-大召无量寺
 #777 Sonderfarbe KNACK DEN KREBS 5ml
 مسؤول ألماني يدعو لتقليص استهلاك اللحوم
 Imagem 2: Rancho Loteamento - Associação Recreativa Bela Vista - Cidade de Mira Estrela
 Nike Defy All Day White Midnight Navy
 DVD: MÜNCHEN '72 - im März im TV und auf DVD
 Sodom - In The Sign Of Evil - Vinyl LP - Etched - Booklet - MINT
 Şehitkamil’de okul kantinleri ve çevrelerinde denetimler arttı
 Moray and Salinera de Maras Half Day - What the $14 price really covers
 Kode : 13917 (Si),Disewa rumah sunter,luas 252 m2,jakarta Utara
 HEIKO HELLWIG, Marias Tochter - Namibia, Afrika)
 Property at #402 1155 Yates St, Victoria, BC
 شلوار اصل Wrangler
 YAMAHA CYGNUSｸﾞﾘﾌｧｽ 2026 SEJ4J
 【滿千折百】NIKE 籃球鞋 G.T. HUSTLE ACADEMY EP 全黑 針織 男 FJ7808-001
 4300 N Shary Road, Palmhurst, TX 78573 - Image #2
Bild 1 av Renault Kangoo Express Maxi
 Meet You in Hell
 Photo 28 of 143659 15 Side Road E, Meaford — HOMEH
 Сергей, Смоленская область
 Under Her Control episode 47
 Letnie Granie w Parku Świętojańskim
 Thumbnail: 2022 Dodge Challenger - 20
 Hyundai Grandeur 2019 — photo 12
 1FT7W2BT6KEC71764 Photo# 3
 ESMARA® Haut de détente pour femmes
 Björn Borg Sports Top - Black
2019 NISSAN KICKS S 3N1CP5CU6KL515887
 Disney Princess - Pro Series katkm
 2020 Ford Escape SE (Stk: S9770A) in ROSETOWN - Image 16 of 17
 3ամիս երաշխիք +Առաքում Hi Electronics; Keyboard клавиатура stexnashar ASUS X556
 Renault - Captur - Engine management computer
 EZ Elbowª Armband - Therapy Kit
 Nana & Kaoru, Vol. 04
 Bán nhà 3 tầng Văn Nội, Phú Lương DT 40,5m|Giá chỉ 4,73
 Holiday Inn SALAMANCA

• Exercise aim: Your task is to repeat the data exactly, with nothing left out.

• Task result:
-大召无量寺
 #777 Sonderfarbe KNACK DEN KREBS 5ml
 مسؤول ألماني يدعو لتقليص استهلاك اللحوم
 Imagem 2: Rancho Loteamento - Associação Recreativa Bela Vista - Cidade de Mira Estrela
 Nike Defy All Day White Midnight Navy
 DVD: MÜNCHEN '72 - im März im TV und auf DVD
 Sodom - In The Sign Of Evil - Vinyl LP - Etched - Booklet - MINT
 Şehitkamil’de okul kantinleri ve çevrelerinde denetimler arttı
 Moray and Salinera de Maras Half Day - What the $14 price really covers
 Kode : 13917 (Si),Disewa rumah sunter,luas 252 m2,jakarta Utara
 HEIKO HELLWIG, Marias Tochter - Namibia, Afrika)
 Property at #402 1155 Yates St, Victoria, BC
 شلوار اصل Wrangler
 YAMAHA CYGNUSｸﾞﾘﾌｧｽ 2026 SEJ4J
 【滿千折百】NIKE 籃球鞋 G.T. HUSTLE ACADEMY EP 全黑 針織 男 FJ7808-001
 4300 N Shary Road, Palmhurst, TX 78573 - Image #2
Bild 1 av Renault Kangoo Express Maxi
 Meet You in Hell
 Photo 28 of 143659 15 Side Road E, Meaford — HOMEH
 Сергей, Смоленская область
 Under Her Control episode 47
 Letnie Granie w Parku Świętojańskim
 Thumbnail: 2022 Dodge Challenger - 20
 Hyundai Grandeur 2019 — photo 12
 1FT7W2BT6KEC71764 Photo# 3
 ESMARA® Haut de détente pour femmes
 Björn Borg Sports Top - Black
2019 NISSAN KICKS S 3N1CP5CU6KL515887
 Disney Princess - Pro Series katkm
 2020 Ford Escape SE (Stk: S9770A) in ROSETOWN - Image 16 of 17
 3ամիս երաշխիք +Առաքում Hi Electronics; Keyboard клавиатура stexnashar ASUS X556
 Renault - Captur - Engine management computer
 EZ Elbowª Armband - Therapy Kit
 Nana & Kaoru, Vol. 04
 Bán nhà 3 tầng Văn Nội, Phú Lương DT 40,5m|Giá chỉ 4,73
 Holiday Inn SALAMANCA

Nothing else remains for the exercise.